The History of the Peloponnesian War
Page: 188The same summer the Lacedaemonians marched into Arcadia with their whole levy under Pleistoanax, son of Pausanias, king of Lacedaemon, against the Parrhasians, who were subjects of Mantinea, and a faction of whom had invited their aid. They also meant to demolish, if possible, the fort of Cypsela which the Mantineans had built and garrisoned in the Parrhasian territory, to annoy the district of Sciritis in Laconia. The Lacedaemonians accordingly laid waste the Parrhasian country, and the Mantineans, placing their town in the hands of an Argive garrison, addressed themselves to the defence of their confederacy, but being unable to save Cypsela or the Parrhasian towns went back to Mantinea. Meanwhile the Lacedaemonians made the Parrhasians independent, razed the fortress, and returned home.
The same summer the soldiers from Thrace who had gone out with Brasidas came back, having been brought from thence after the treaty by Clearidas; and the Lacedaemonians decreed that the Helots who had fought with Brasidas should be free and allowed to live where they liked, and not long afterwards settled them with the Neodamodes at Lepreum, which is situated on the Laconian and Elean border; Lacedaemon being at this time at enmity with Elis. Those however of the Spartans who had been taken prisoners on the island and had surrendered their arms might, it was feared, suppose that they were to be subjected to some degradation in consequence of their misfortune, and so make some attempt at revolution, if left in possession of their franchise. These were therefore at once disfranchised, although some of them were in office at the time, and thus placed under a disability to take office, or buy and sell anything. After some time, however, the franchise was restored to them.

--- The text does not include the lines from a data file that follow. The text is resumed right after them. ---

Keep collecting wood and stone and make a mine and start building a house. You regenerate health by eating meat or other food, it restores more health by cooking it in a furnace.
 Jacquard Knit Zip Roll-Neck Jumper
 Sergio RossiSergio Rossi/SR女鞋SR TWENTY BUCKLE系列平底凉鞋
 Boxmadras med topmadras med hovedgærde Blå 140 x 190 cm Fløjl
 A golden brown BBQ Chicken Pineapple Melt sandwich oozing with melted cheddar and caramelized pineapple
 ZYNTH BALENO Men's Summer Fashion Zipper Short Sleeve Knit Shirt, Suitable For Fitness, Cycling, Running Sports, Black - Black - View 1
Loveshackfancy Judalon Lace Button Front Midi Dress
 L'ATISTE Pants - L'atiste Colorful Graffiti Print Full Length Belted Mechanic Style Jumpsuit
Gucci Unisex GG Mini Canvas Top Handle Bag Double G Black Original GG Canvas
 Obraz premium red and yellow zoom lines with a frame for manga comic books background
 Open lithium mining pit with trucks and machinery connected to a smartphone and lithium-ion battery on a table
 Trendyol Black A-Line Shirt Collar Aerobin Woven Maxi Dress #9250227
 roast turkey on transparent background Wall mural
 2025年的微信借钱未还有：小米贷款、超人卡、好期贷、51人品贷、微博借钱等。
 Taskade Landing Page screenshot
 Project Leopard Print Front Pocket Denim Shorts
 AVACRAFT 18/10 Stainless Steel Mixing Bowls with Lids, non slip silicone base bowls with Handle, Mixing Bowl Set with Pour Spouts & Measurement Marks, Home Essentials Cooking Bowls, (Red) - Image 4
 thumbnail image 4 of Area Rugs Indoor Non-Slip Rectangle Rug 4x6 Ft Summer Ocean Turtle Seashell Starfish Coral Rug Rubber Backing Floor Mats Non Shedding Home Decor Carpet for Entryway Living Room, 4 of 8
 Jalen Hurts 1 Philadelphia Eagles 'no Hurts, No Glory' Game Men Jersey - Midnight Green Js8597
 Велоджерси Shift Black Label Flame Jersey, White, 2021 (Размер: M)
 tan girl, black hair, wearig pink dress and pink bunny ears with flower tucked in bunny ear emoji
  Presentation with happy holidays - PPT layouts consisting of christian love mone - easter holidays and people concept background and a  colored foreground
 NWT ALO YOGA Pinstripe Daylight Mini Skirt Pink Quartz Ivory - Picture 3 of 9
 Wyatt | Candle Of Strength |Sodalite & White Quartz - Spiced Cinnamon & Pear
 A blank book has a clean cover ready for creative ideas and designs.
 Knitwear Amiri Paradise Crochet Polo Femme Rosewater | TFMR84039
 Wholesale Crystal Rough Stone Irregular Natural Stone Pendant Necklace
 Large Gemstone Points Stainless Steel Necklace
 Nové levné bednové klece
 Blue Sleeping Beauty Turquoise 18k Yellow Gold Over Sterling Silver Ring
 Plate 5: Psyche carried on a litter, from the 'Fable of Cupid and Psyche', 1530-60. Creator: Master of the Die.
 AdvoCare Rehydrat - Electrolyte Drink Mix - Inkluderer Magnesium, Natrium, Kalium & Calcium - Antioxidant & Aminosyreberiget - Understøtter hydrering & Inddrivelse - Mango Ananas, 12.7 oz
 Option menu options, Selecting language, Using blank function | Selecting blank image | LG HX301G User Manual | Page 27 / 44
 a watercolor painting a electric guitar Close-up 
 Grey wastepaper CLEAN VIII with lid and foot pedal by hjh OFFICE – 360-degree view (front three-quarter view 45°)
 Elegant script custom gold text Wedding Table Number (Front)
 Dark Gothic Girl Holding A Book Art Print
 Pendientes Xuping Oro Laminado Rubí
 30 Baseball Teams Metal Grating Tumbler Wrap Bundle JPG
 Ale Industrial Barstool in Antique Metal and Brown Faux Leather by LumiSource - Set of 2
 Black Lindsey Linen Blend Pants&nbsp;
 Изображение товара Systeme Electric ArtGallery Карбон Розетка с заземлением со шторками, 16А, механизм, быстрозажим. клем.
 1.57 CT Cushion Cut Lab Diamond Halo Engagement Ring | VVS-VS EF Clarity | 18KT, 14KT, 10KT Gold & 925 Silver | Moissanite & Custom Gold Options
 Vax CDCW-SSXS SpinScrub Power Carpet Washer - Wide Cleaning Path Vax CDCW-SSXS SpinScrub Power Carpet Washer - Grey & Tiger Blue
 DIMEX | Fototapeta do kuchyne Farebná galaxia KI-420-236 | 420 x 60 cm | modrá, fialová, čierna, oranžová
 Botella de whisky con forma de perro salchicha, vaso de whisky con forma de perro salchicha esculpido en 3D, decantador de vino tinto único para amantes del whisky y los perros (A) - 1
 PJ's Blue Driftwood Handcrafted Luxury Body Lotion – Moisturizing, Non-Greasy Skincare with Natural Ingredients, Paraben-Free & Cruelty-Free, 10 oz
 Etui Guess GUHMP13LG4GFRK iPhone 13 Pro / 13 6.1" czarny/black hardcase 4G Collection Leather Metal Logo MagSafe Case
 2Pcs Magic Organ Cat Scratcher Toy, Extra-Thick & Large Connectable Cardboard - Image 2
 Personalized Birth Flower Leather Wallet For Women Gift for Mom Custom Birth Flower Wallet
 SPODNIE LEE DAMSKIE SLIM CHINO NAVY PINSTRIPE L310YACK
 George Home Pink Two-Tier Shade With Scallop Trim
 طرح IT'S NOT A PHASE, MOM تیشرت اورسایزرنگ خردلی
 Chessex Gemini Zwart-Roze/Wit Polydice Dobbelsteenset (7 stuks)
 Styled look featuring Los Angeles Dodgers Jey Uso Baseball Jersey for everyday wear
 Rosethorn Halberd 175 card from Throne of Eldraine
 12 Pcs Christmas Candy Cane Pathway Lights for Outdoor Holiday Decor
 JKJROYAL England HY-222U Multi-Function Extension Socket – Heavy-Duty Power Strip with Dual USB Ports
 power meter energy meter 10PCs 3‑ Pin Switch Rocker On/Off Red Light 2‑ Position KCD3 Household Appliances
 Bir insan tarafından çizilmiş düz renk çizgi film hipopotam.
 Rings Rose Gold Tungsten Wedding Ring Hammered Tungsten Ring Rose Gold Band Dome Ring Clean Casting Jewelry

The same summer the Dians took Thyssus, a town on Acte by Athos in alliance with Athens. During the whole of this summer intercourse between the Athenians and Peloponnesians continued, although each party began to suspect the other directly after the treaty, because of the places specified in it not being restored. Lacedaemon, to whose lot it had fallen to begin by restoring Amphipolis and the other towns, had not done so. She had equally failed to get the treaty accepted by her Thracian allies, or by the Boeotians or the Corinthians; although she was continually promising to unite with Athens in compelling their compliance, if it were longer refused. She also kept fixing a time at which those who still refused to come in were to be declared enemies to both parties, but took care not to bind herself by any written agreement. Meanwhile the Athenians, seeing none of these professions performed in fact, began to suspect the honesty of her intentions, and consequently not only refused to comply with her demands for Pylos, but also repented having given up the prisoners from the island, and kept tight hold of the other places, until Lacedaemon's part of the treaty should be fulfilled. Lacedaemon, on the other hand, said she had done what she could, having given up the Athenian prisoners of war in her possession, evacuated Thrace, and performed everything else in her power. Amphipolis it was out of her ability to restore; but she would endeavour to bring the Boeotians and Corinthians into the treaty, to recover Panactum, and send home all the Athenian prisoners of war in Boeotia. Meanwhile she required that Pylos should be restored, or at all events that the Messenians and Helots should be withdrawn, as her troops had been from Thrace, and the place garrisoned, if necessary, by the Athenians themselves. After a number of different conferences held during the summer, she succeeded in persuading Athens to withdraw from Pylos the Messenians and the rest of the Helots and deserters from Laconia, who were accordingly settled by her at Cranii in Cephallenia. Thus during this summer there was peace and intercourse between the two peoples.